─── Dataset content

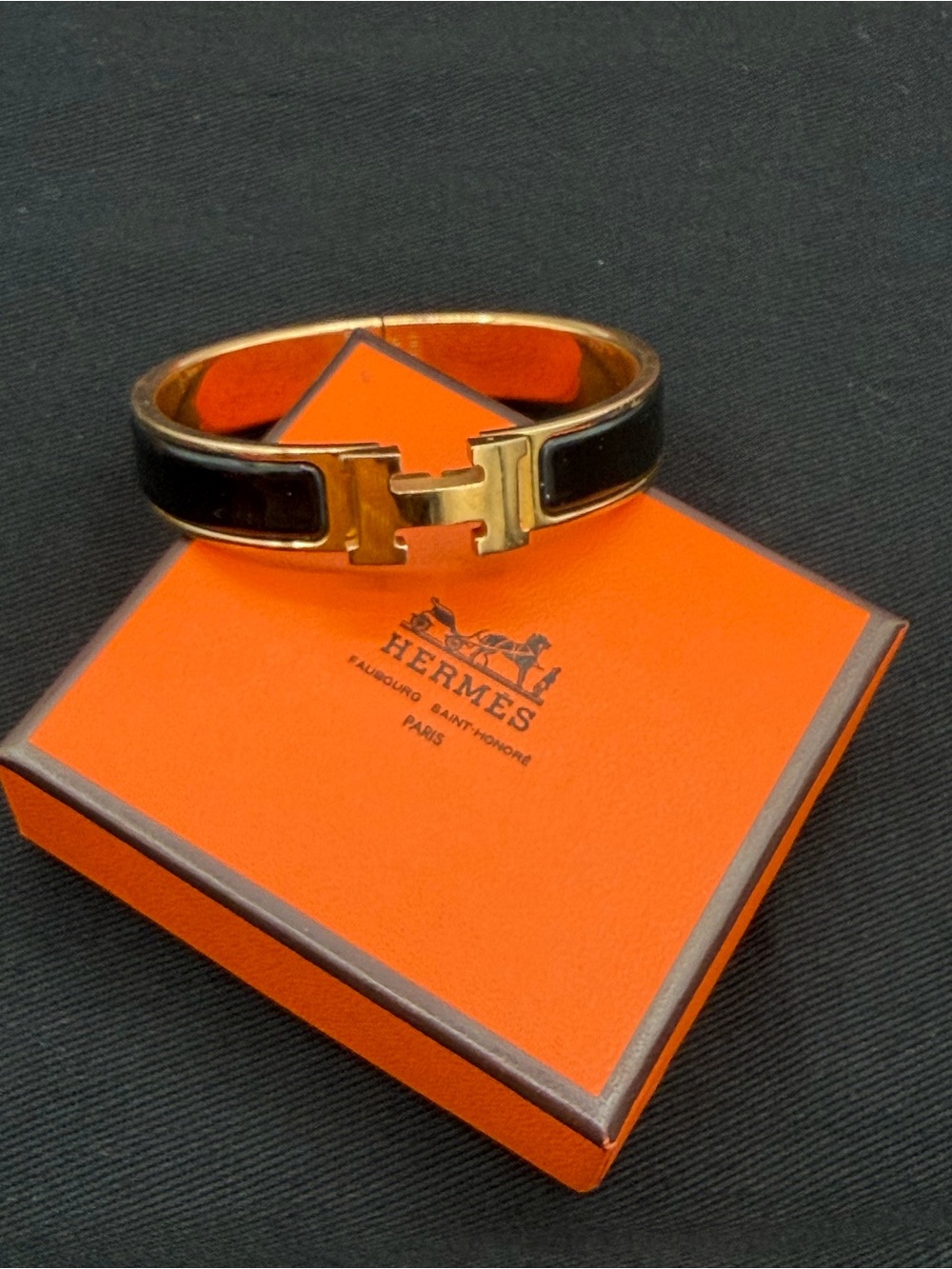 Hermes click H bracelet gold black
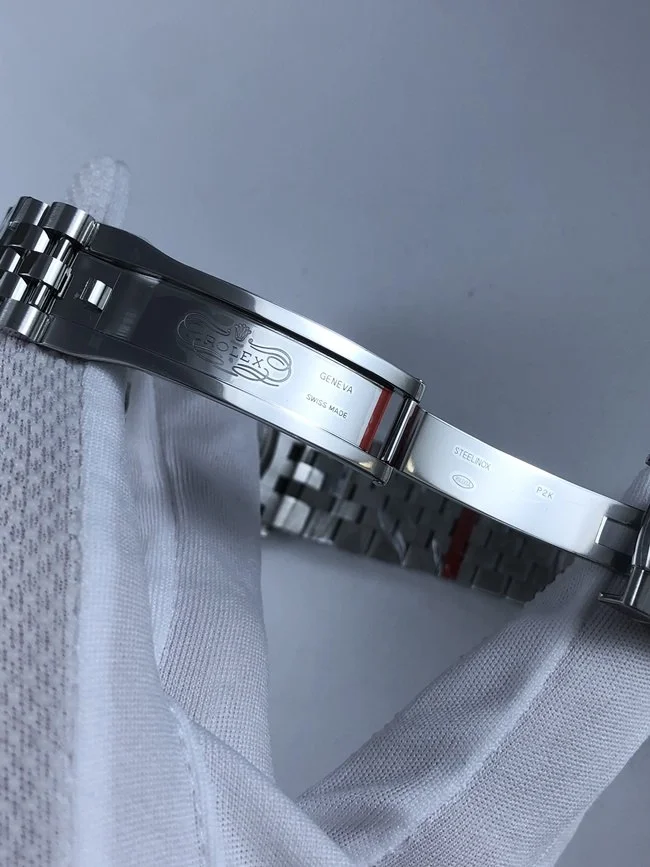 롤렉스 데이저스트 36mm 화이트 로만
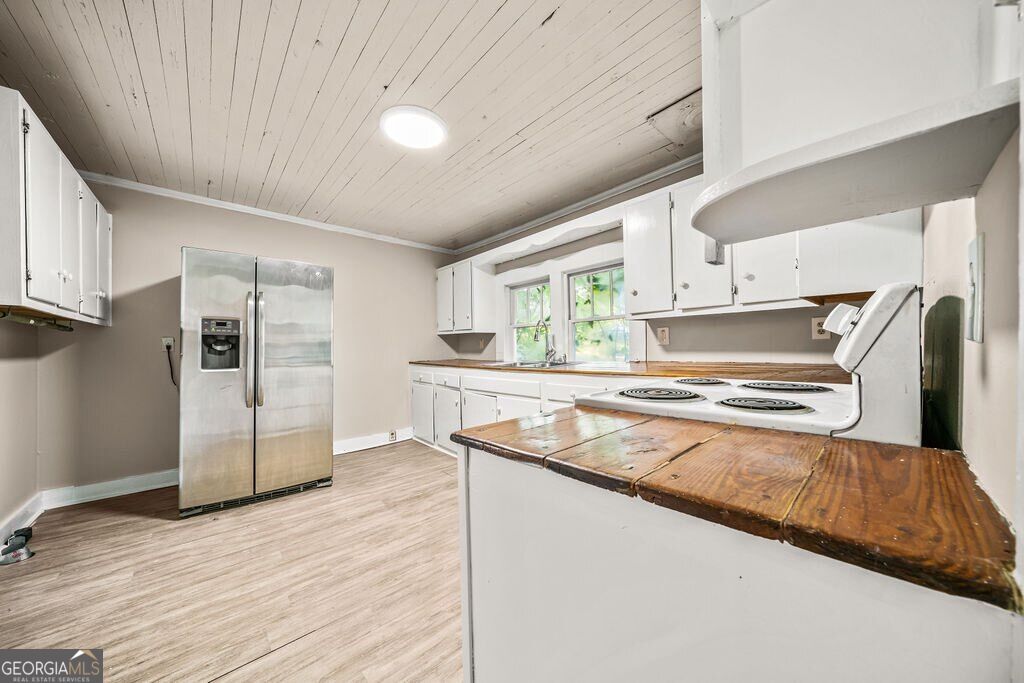 271 South Avenue Property Photo 18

──────

# Directions for this task
Skip the pictures. Write out exactly the lines from the one with "롤렉스 데이저스트 36mm 화이트 로만" through the last line of the listing, both ends included, and nothing more.

# Result of the exercise
 롤렉스 데이저스트 36mm 화이트 로만
 271 South Avenue Property Photo 18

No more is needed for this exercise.